We can contact the OPW to say we want more detail.

We should say we want to discuss the output statement and this evaluation.

We do not want that debate to be an addendum to the finance debate.

The other critical issue, particularly in my constituency, is whether the flood mapping work that has been done has any bearing on where development is allowed. There are major and significant difficulties in my locality. Heavy rain caused problems in September of this year. For example, flood waters got through the walls of lower ground level apartments. I do not refer to apartments that are significantly below ground level. They may be half a step below ground level. The same problems arose in duplex houses in Clonee. The owners will have to vacate them for approximately seven months.
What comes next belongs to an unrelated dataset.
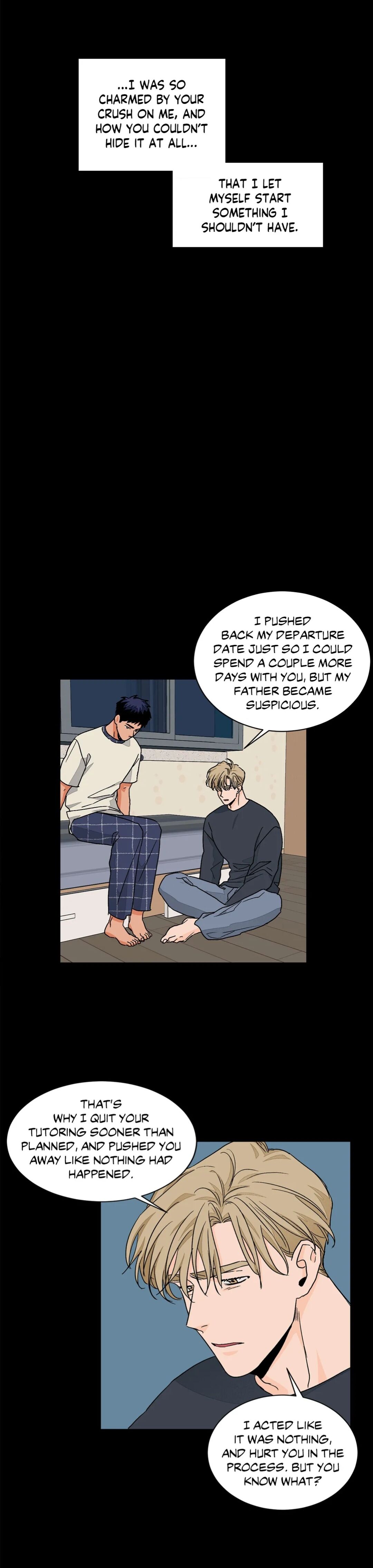 Page 14 of Chapter 44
It is well known that the buildings in question were developed on a flood plain. The Irish language name of the River Tolka is "An Tulcha", which means "the flood". A large number of small streams come together in the Clonee area to form the River Tolka. It is difficult to know whether flood impact reports have any impact. The downstream cost of flooding that is borne by the State is horrendous. It is clear that people who end up living in houses on flood plains have, at most, only two opportunities with regard to house insurance. They cannot get any further insurance cover after that. The consequences of flooding for individuals can be severe. I would like to know whether any of that has changed.

We will raise that matter as well. The last item on the agenda is a letter from the Chief Whip regarding the timing of the debate on the Supplementary Estimates. The OPW, the Department of Defence and the Department of the Taoiseach have confirmed that they will not have Supplementary Estimates. If there is no other business, we can end the meeting.

The select committee adjourned at 3.10 p.m. sine die.